Three common foreclosure consequences in Maryland
With rise in cost of living and increased unemployment rate, individuals are unable to meet the monthly payments like mortgage; credit card debt etc. Defaulting with secured debt like mortgage can lead to foreclosure. With record levels of foreclosure, individuals need to be aware of the various consequences of the foreclosure other than losing home.
The first thing which gets affected with foreclosure is your credit ratings. Most commonly a person might be facing foreclosure because he lost a job, is facing divorce, suffering an illness or injury as a result, foreclosure is now stealing your home, but due to previous credit history you have good credit ratings which will get affected with foreclosure.
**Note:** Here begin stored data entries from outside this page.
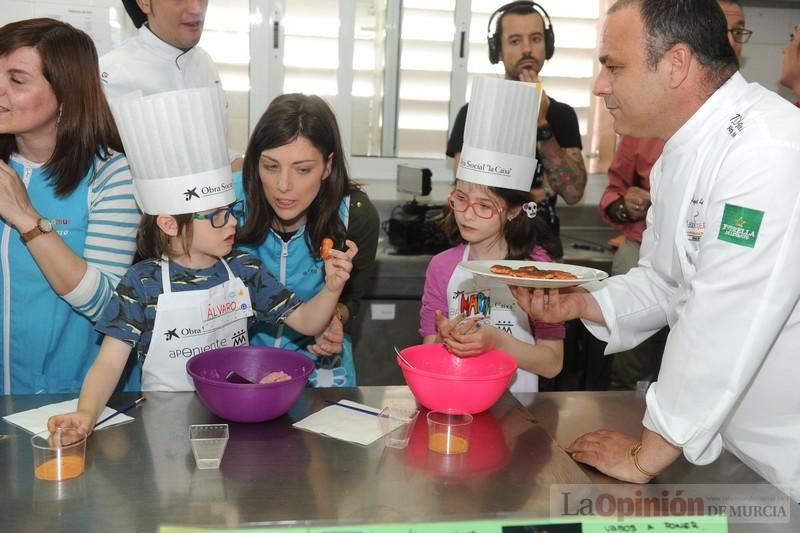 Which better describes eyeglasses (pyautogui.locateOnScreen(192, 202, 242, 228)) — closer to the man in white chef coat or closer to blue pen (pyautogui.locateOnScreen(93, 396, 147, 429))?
blue pen (pyautogui.locateOnScreen(93, 396, 147, 429))

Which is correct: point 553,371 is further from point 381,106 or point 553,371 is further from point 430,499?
point 381,106

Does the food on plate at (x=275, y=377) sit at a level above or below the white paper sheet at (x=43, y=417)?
above

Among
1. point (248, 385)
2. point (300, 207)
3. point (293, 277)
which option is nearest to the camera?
point (248, 385)

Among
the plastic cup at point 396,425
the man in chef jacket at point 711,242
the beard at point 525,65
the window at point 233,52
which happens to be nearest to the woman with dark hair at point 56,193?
the plastic cup at point 396,425

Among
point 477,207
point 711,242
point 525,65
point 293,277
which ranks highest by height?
point 525,65

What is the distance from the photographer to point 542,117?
2953 millimetres

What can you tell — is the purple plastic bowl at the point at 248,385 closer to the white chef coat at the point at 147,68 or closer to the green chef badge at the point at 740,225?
the green chef badge at the point at 740,225

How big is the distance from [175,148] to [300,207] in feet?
1.30

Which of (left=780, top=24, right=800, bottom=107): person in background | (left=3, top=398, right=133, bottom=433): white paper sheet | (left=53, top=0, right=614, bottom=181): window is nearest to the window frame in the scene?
(left=53, top=0, right=614, bottom=181): window

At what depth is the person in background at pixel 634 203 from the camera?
3.00 m

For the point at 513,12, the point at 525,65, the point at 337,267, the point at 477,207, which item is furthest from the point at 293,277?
the point at 513,12

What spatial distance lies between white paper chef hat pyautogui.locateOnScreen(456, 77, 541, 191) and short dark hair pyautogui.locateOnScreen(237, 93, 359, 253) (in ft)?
1.17

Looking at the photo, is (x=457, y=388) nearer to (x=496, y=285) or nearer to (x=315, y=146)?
(x=496, y=285)

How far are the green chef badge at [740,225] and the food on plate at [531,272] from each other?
382 mm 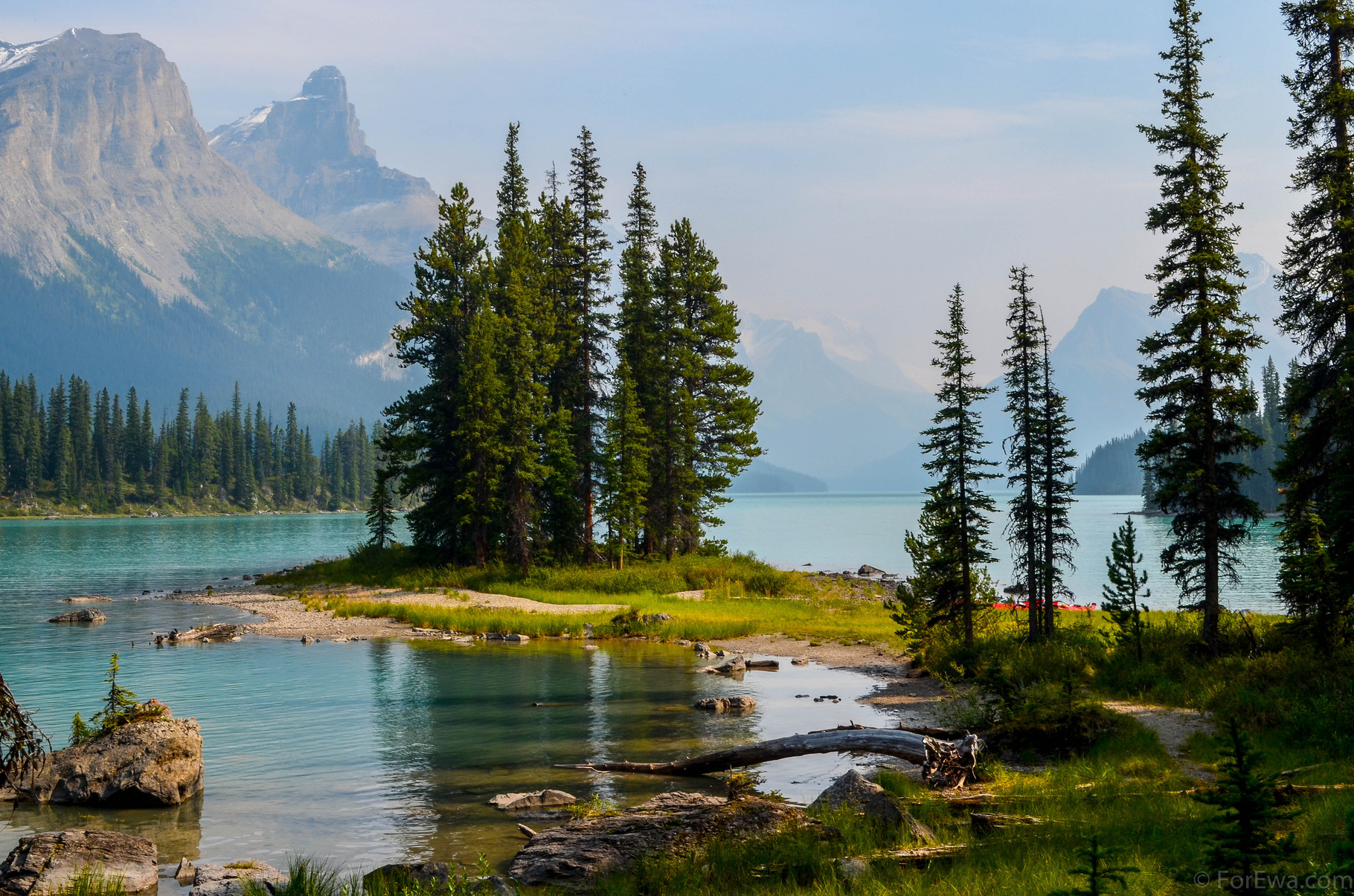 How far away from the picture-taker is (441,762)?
1881cm

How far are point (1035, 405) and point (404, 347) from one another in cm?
4361

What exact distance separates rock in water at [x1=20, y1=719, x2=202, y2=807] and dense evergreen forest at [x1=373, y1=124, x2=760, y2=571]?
3453 cm

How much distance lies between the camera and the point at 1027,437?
26.1m

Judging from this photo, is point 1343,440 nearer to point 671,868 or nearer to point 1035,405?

It will affect the foreclosure in tow ways: firstly it drops your credit score around 80 points with the defaulted monthly payments recordings and second, it affect you credit score by foreclosure listed in the credit report.
Foreclosure affects your interest rates: as the foreclosure drops the credit score, lenders feel risky to lend the amount to an individual having bad credit score therefore increases the interest rates to cover the risk associated with lending to person with bad credit score.
Tax consequences of foreclosure: foreclosure of property is not the end of the story when the home owner defaulted on the mortgage payments because you may get a letter from internal revenue service department and that will depend on type of loan, loan terms and foreclosure.
Type of loan: consequences of foreclosure depend on the type of mortgage. There are two types, recourse and non recourse. If your mortgage is recourse type then you are responsible to pay for the mortgage company. In this case the mortgage company can sue you for the amount that is not recovered from the proceeds of the foreclosure. If the mortgage is non recourse type then you are not liable to repay the deficiency amount. Only thing the bank can do is sell the property and take the proceedings to pay the mortgage. In case of deficiency, you are not liable to repay the amount.
Regardless of the mortgage type, as the foreclosure is treated as a sale, it is taxable. You have to report to internal revenue service any gains from sale as an income at the same time you don’t get any deduction for any loss that is incurred during foreclosure.
Generally if the mortgage company or credit card company cancels or forgives debt, then the amount of debt that is cancelled is treated as income for individual and is taxable by IRS.
Therefore filling foreclosure has many consequences one must take necessary action before the foreclosure is filled by the lender. Before the foreclosure is filled by the lender, the borrower should receive the notice of defaults and should get enough time to remedy the default before filling foreclosure. Do not delay or ignore the notice and give response in written communication to your mortgage lender about your hardship. As the borrower gets 90 days from the time of defaults, try to rectify the issue before the foreclosure is filled.